I Feel the Need…for Creeds
From this morning’s “Speaking of Faith“, where the subject was “The Need for Creeds.” The story is at 19:54 on the podcast. Jarislov Pelikan has been discussing the importance of creeds for Christianity (who has the greatest abundance of them, over and above Judaism and Islam). He makes reference to Ralph Waldo Emerson’s address to students at the Harvard Divinity School, in which Emerson says “You must be yourself a newborn bard of the Holy Spirit and sing it out.” The problem with this continual creation of new creeds, Pelikan says, is that
You do it and then you do it a little bit more and you have to teach your children something and the best you can do is to teach them what you have. You do that for several generations and all of the sudden, there you have a new creed. The only alternative to tradition is bad tradition.
This got me thinking about how natural it is that the Principles and Purposes of UUism have become creedlike. For a while there’s been a lot of discussion of revising them, re-evaluating how they’re used, and so on. I don’t think the term “creed” has to be scary. Any creed Unitarian Universalists would use as a way of bringing disparate beliefs together would, naturally, be continually under revision. And a creed doesn’t have to be contrary to the foundational idea of covenant. (Historically, they go together.)

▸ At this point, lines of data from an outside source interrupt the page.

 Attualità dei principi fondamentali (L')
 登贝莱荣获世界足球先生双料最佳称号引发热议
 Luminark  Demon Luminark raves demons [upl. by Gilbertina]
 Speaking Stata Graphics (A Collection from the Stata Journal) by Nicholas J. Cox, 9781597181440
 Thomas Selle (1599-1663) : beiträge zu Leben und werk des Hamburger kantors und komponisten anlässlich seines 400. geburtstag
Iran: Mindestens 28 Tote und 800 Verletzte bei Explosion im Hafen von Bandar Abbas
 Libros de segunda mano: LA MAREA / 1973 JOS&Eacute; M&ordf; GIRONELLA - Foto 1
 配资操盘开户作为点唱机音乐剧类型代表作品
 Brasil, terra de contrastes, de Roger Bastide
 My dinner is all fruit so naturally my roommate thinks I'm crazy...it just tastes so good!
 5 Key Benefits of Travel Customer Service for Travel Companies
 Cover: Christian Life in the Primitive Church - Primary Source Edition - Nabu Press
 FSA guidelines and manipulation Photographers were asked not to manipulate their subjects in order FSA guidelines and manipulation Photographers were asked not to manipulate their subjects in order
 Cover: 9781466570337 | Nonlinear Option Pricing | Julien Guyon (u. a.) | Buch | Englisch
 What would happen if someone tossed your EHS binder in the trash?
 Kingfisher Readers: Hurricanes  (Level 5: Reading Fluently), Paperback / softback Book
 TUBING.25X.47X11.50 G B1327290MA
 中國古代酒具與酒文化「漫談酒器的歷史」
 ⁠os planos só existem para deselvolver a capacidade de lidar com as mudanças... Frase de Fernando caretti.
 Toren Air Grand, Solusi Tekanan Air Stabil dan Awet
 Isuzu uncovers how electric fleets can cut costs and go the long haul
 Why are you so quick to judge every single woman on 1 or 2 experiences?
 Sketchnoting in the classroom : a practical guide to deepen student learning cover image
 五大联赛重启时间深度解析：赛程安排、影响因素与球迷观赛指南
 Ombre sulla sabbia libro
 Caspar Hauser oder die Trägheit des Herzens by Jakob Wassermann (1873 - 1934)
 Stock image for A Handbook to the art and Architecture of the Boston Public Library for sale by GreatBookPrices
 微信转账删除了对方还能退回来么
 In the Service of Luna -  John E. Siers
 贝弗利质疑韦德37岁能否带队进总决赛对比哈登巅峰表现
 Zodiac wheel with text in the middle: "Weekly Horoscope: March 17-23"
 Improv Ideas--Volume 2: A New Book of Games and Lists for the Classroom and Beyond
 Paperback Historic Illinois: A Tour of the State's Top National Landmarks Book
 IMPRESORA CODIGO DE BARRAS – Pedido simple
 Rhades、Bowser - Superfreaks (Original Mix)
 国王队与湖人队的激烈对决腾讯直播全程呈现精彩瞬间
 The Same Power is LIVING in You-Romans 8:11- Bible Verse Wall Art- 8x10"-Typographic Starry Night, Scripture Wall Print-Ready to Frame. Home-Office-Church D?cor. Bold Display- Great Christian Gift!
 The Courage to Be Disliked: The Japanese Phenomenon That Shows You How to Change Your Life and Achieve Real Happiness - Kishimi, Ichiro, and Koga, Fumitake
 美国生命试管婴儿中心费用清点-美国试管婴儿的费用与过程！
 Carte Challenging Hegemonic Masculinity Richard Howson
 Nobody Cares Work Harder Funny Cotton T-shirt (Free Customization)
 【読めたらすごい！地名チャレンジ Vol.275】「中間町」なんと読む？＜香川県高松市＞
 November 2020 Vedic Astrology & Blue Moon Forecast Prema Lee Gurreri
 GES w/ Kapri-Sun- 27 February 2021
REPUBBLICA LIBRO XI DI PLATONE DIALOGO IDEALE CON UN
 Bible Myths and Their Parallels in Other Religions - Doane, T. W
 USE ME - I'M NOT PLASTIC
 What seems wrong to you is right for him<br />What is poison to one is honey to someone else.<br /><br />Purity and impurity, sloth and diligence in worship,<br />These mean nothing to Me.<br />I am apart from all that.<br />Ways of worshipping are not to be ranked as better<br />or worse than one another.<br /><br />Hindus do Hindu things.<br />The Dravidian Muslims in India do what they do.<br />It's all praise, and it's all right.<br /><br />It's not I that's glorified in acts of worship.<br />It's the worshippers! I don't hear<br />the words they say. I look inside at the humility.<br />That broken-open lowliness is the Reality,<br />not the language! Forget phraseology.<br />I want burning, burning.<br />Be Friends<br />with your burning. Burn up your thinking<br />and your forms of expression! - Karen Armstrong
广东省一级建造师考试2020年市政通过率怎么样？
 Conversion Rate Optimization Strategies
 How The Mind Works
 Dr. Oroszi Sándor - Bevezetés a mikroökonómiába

Still, against Pelikan’s interpretation of Emerson above, I disagree that continual revision of creeds leads, inevitably, to “bad tradition.” I think that the alternative to a credal religion isn’t a non-credal religion, but instead it is a credal religion unaware of its conflicting creeds. What we need is more explicit theology.
Pelikan makes the point that tolerance under the Golden Age of Islam allowed Maimonides to write his book, A Guide for the Perplexed. While I’m not advocating for a state religion, I do think that it is possible for religious tolerance and freedom of intellectual investigation to occur within a society which largely agrees to a set of core beliefs. Those beliefs simply need to have within them the space for dissent.
Of course, the situation is more complex than a return to some kind of golden age–Islam saw Judaism as monotheistic, so the exploration of thinkers like Maimonides were of the one true god. This was a sort of inclusivism, the kind which Catholics espouse when they talk about “anonymous Christians.” I don’t think that UUs want to go down that route, which ultimately dismisses the reality of any difference between my (true) beliefs and your (anonymously true) beliefs.